クィナスが出てくると、少し遠慮がちに頭を下げる。
「今日はお休みですよね?」
「はい」
「でも、もし時間があったらお願いしたいことがあるんです」
「何でしょう?」
ミレイユは少し恥ずかしそうに帳簿を抱えた。
「祭りの帳簿の付け方を教えていただけませんか。普段のお店とは全然違って、どこまで記録すればいいのか分からなくて」
クィナスは帳簿を見ると、自然と笑みを浮かべた。
「もちろんです。今日くらいは数字を好きになってもらえるよう頑張ります」
「数字を好きに……なれますかね?」
「大丈夫です。数字は怖くありません」
二人はゆっくりと歩き始めた。
帳簿の話をしながら。
祭りで売れた時間帯。
試飲の数。
売り切れた理由。
来年へ残す記録。
そんな話をしながら街を歩いていく。
一方その頃。
ボルガムは本当に朝市を歩いていた。
今日は仕入れではない。
手ぶらだった。
「あぁ、今日は客として見られるのか!」
肉屋の親父にそう言われると、大笑いしながら返す。
「たまにはな!」
「あんたが荷物持ってないの初めて見たぞ!」
「今日は見るだけだ!」
そう言いながら、珍しい野菜や果物を眺め、屋台の匂いを楽しみ、時には試食をもらって満足そうに笑っている。

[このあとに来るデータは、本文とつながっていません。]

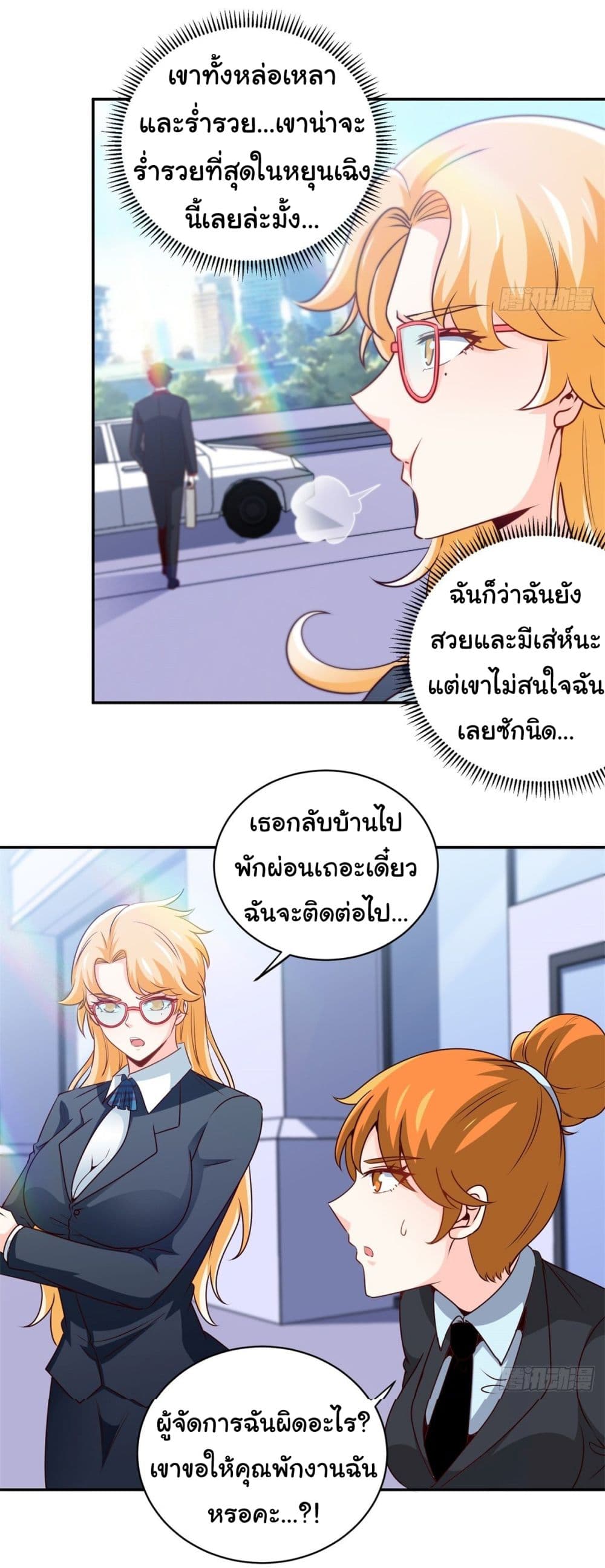 I am Han Sanqian page 25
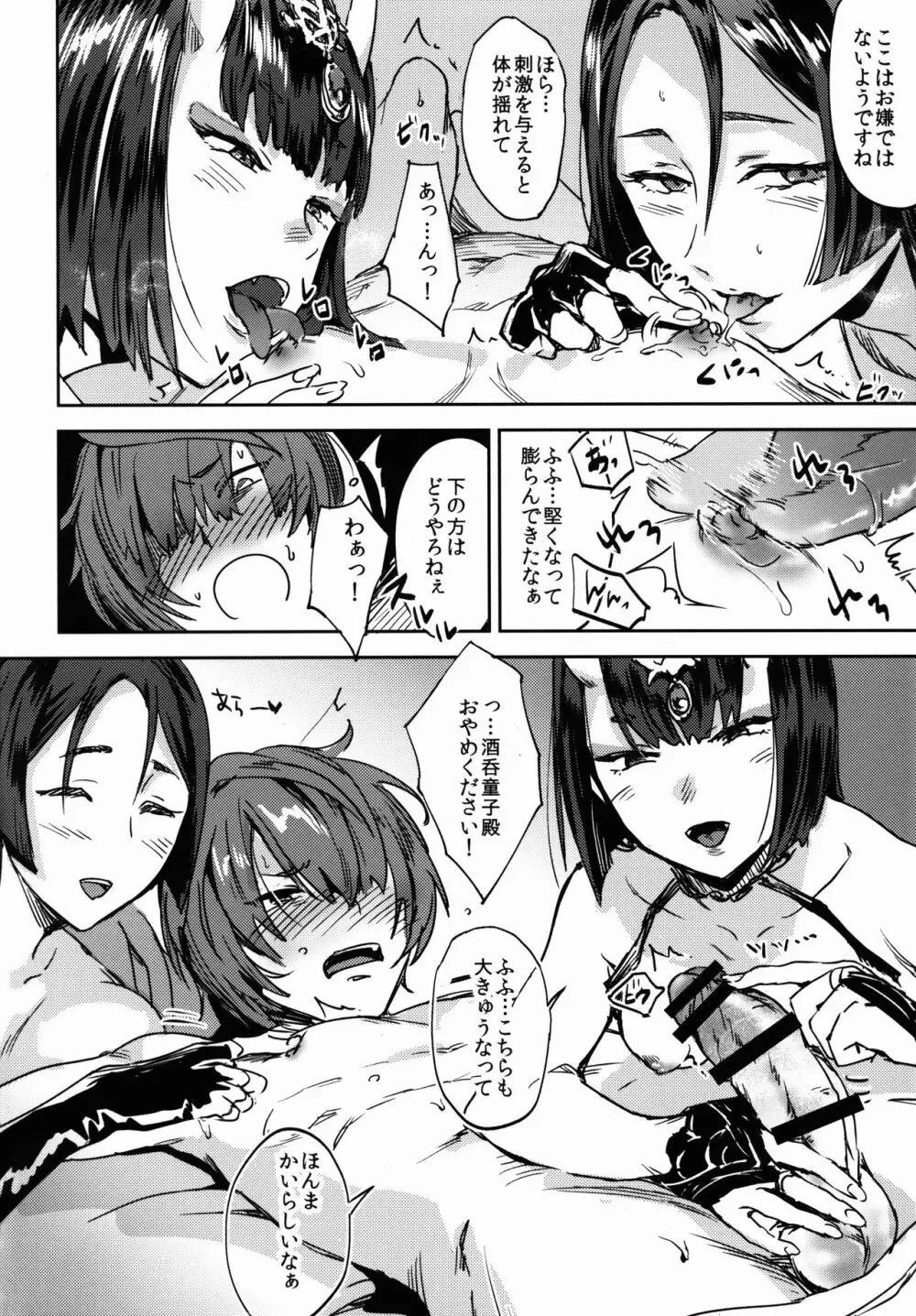 女二人と小太郎が親睦を深めるほん - page7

料理人としてではなく、一人の客として朝市を歩く時間だった。
レイシャは街外れの並木道を静かに歩いていた。
特に目的はない。
休みだから歩いているだけだった。
すると前方から見覚えのある二人が歩いてくる。
アルフェンとロウだった。
アルフェンはレイシャに気づくと穏やかに笑った。
「これは偶然ですね」
「アルフェンさん」
「祭り、お疲れさまでした。少し見に行きましたが、大盛況でしたね」
「ありがとうございます」
少し世間話をした後、アルフェンは時計代わりの懐中魔道具を見て微笑んだ。
「ちょうど昼時です。もしご予定がなければ、ご一緒に昼食でもいかがですか。祭りの話も聞いてみたいですし、こちらも少し面白い話があります」
恋愛感情などではない。
純粋な興味だった。
レイシャは少し考え、静かに頷いた。
「では、お言葉に甘えます」
ロウも静かに一礼する。
三人はゆっくりと石畳の道を歩き始めた。
祭りが終わった翌日の街は、昨日までの喧騒が嘘のように穏やかだった。
それぞれが、それぞれの休暇を過ごしている。
仕事を忘れる二日間。
その時間もまた、オルゼン商店にとって大切な日常の一部だった。